Dataset section
★ ★ ★ ★
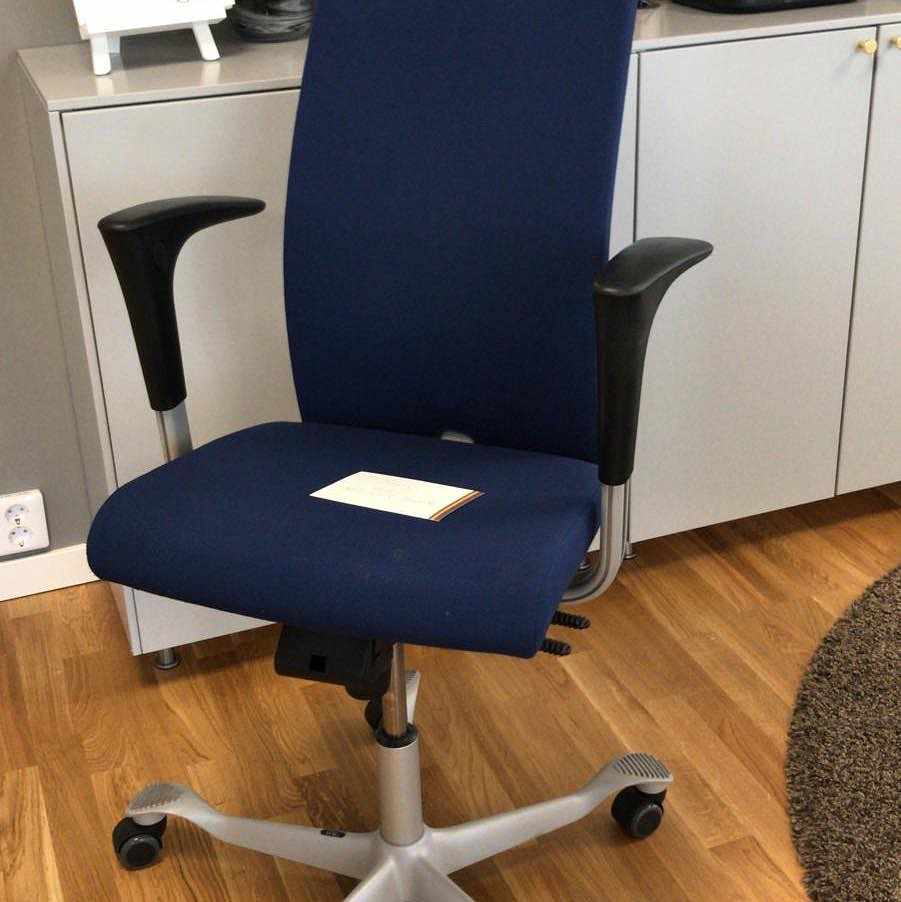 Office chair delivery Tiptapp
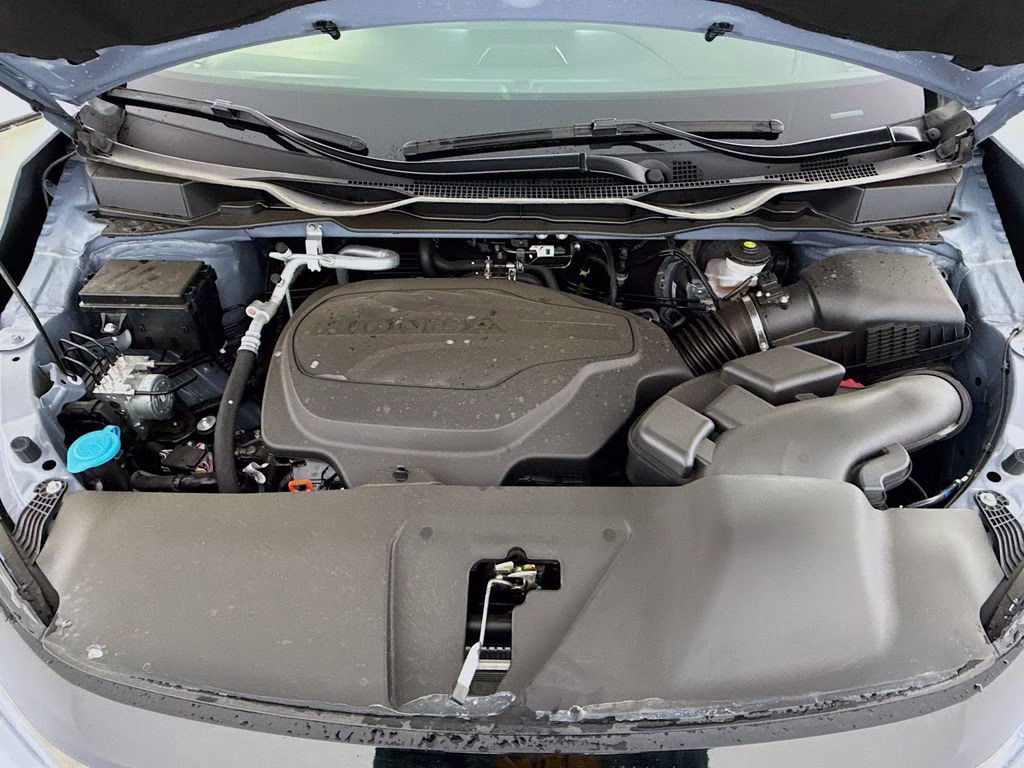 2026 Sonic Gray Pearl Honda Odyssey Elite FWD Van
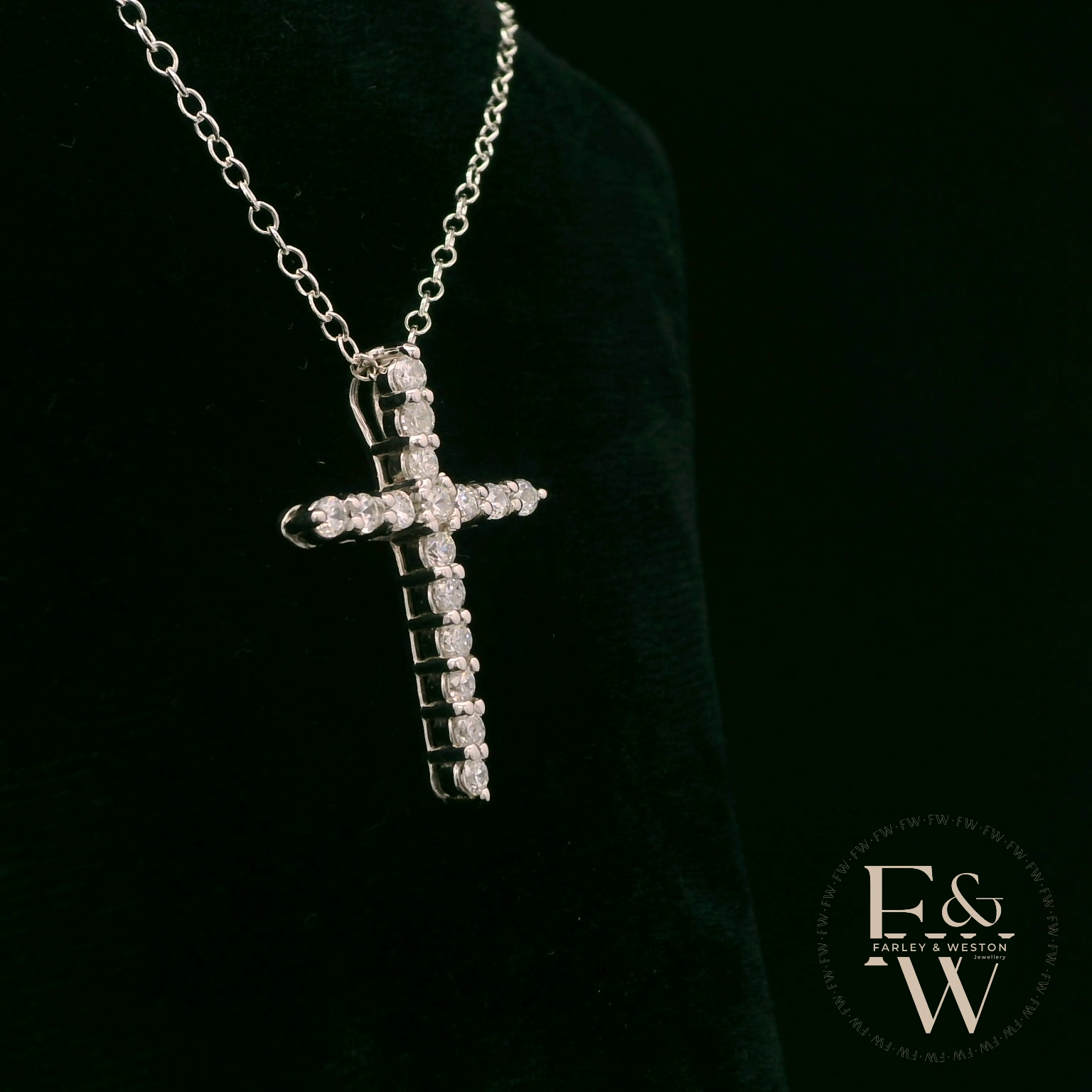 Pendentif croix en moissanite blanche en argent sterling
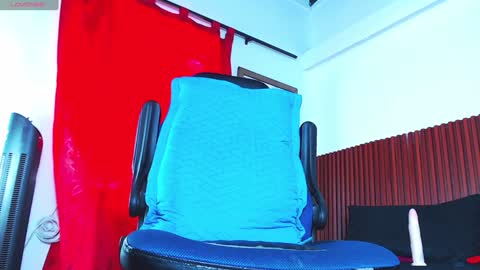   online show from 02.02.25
★ ★ ★ ★
The problem
Apart from the images, please copy every line of the data exactly as written.

Written answer
 Office chair delivery Tiptapp
 2026 Sonic Gray Pearl Honda Odyssey Elite FWD Van
 Pendentif croix en moissanite blanche en argent sterling
   online show from 02.02.25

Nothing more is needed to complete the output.